EXERCISE INSTRUCTIONS: Everything in the entries except the pictures should be repeated exactly.
== PROVIDED MATERIAL ==
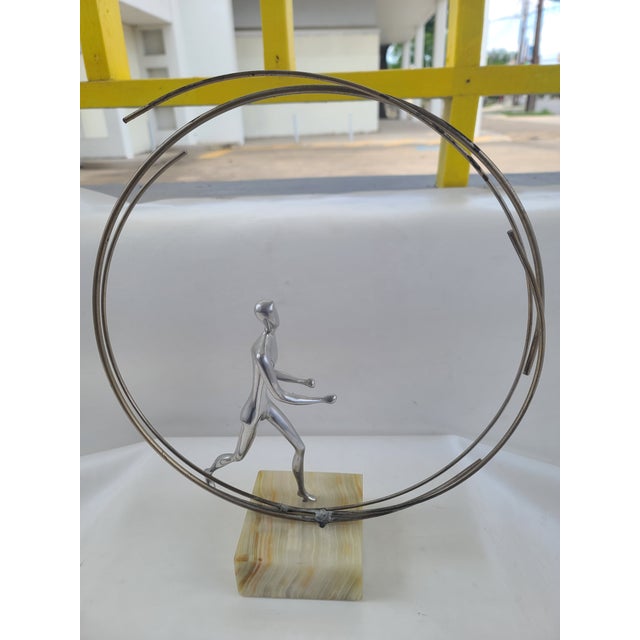 1970s Signed C. Jere Running Man Sculpture For Sale - Image 5 of 10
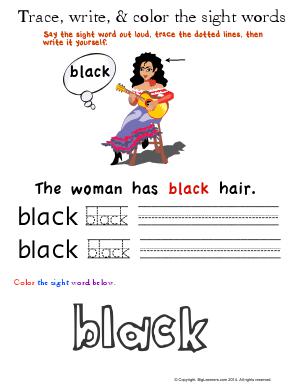 Preview image for worksheet with title Trace, Write, and Color the Sight Words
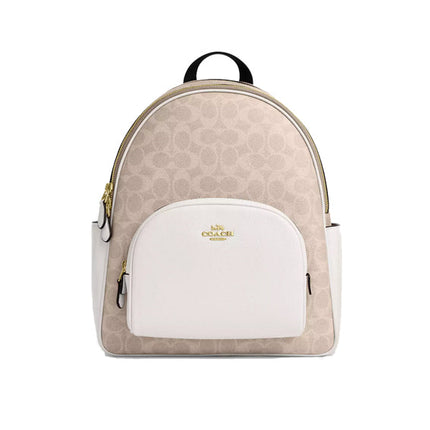 Coach Women's Court Backpack In Signature Canvas Gold/Sand/Chalk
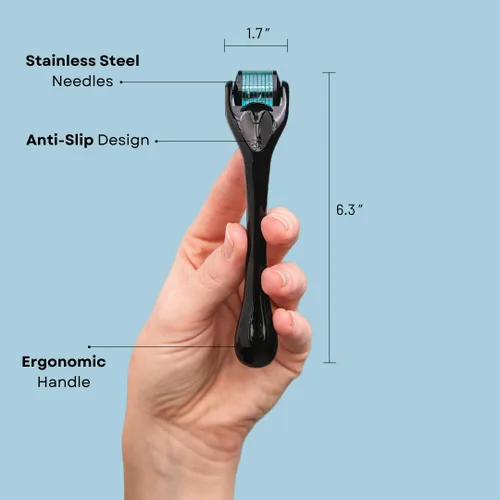 Vista 8 de Derma Roller - 540 microagujas de titanio para cabello, barba y piel Rodillo de microagujas para cara y cuero cabelludo Incluye estuche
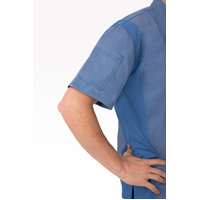 CHEF WORKS MENS SPRINGFIELD SKY BLUE ZIPPER JACKET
===
ANSWER FOR THIS EXERCISE:
 1970s Signed C. Jere Running Man Sculpture For Sale - Image 5 of 10
 Preview image for worksheet with title Trace, Write, and Color the Sight Words
 Coach Women's Court Backpack In Signature Canvas Gold/Sand/Chalk
 Vista 8 de Derma Roller - 540 microagujas de titanio para cabello, barba y piel Rodillo de microagujas para cara y cuero cabelludo Incluye estuche
 CHEF WORKS MENS SPRINGFIELD SKY BLUE ZIPPER JACKET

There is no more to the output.